A fork is a complete copy of a Pen or Project that you can save to your own account and modify. Your forked copy comes with everything the original author wrote, including all of the code and any dependencies.

How to Fork

To fork a Pen or Project, click the Fork button at the lower right in the footer of the Editor view.

You can create a fork before making changes, or you can start editing first, then fork when you’re ready to save your changes.

A link to the parent is included in the description of a forked Pen or Project (shown in Details View).

The original tags are also included on your fork. You can change or remove them in your settings.
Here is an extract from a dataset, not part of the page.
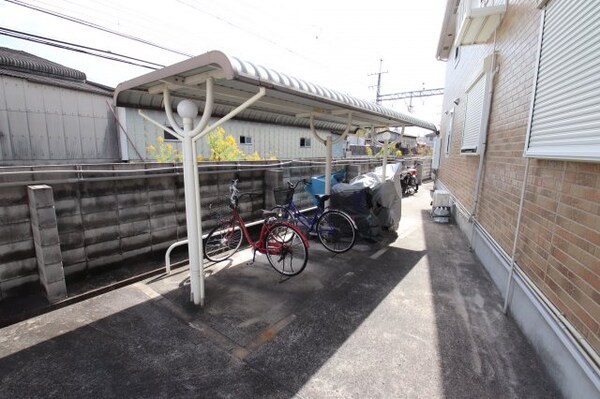 建物設備(駐輪場)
Hot tip! If you’re forking your own work often, consider making a Pen Template or Project Template instead.

Forks in “Your Work”

The “All” view of your Pens and Projects in Your Work includes forks. But, you can choose to exclude them, or you can choose to show only your forked Pens.

To exclude forks, select “All My Pens (No Forks)” or “All My Projects (No Forks”) from the “View” menu. To see only forks select “Fork” from the view menu.

Forks on Your Profile

We separate your forks from your original Pens and Projects on your profile pages so visitors to your profile will see your work first.
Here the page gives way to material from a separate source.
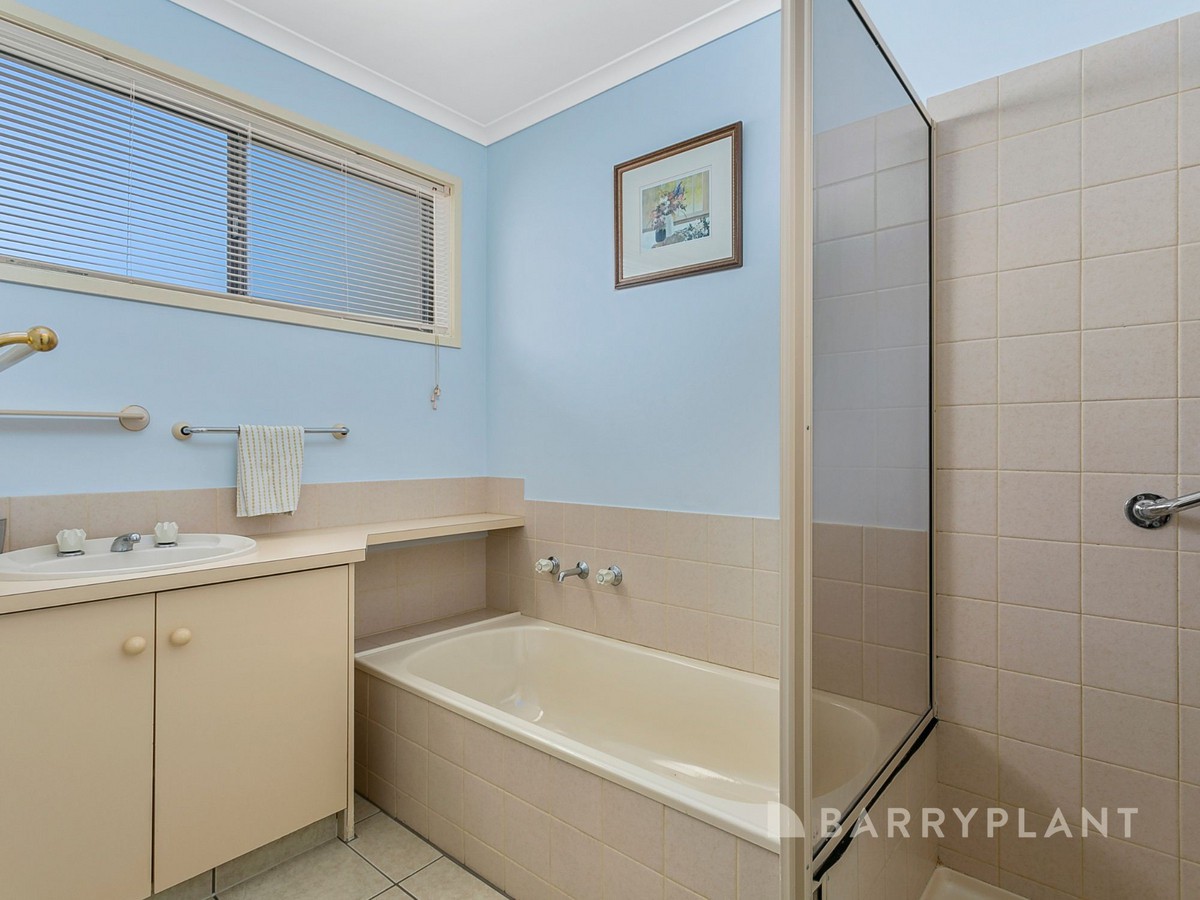 116 Fourth Avenue, Rosebud, VIC 3939, Rosebud - Thumbnail 8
On your profile, forked Pens are categorized under Pens > Forked. Forked Projects are categorized under Projects > Forked.

Fork to a new tab

You can open your fork in a new tab by pressing Command (Mac) or Control (PC) clicking the Fork button.
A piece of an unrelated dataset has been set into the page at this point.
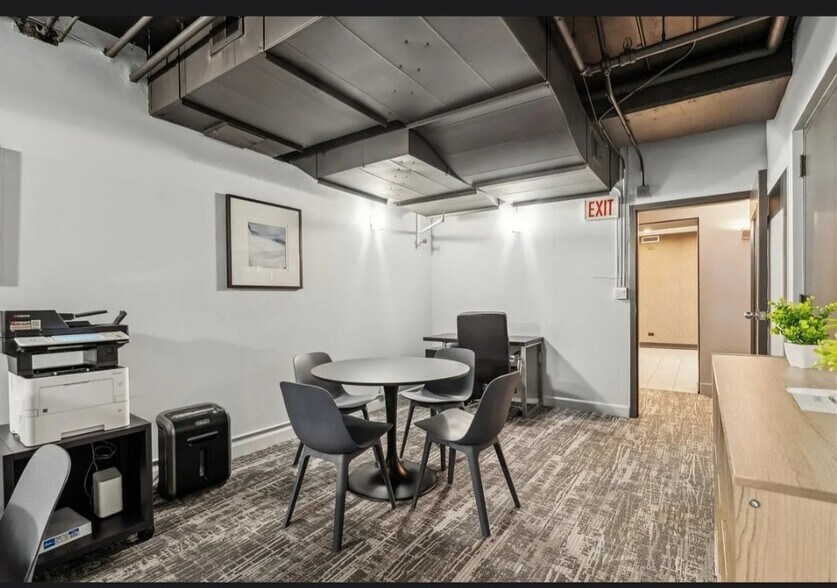 Building Photo - 30 E Huron St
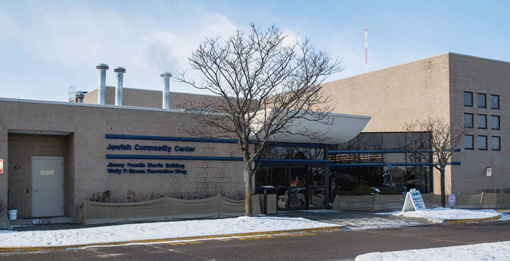 The JCC building in the Detroit suburb of Oak Park is one of two JCC buildings in the Detroit area; the other is in West Bloomfield. (Photo: Aaron Tobin)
Note that popup blockers may block the new tab. If opening your fork is blocked, you can click the “View Fork” link in the banner at the top of the original Pen to go to your fork.

You can adjust your popup settings in your browser to allow codepen.io — forks in a new tab are the only thing we use a “popup” for.

What happens when a fork is forked?

When a new fork is created from a Pen or Project that is a fork of another Pen, the new fork is considered a child of the original.

For example: you create Pen A. Another member forks your Pen to create Pen B. Then, a third member forks Pen B to create Pen C.

Pen C is a child of your Pen A, and will include a link to your Pen A on its Details View.

Other fork differences

  • Forks aren’t shown in search by default, but you can expand your search to include forks by setting “Show forks” to “True” on the search result page.
  • We avoid picking forks, unless they are significantly different from the original.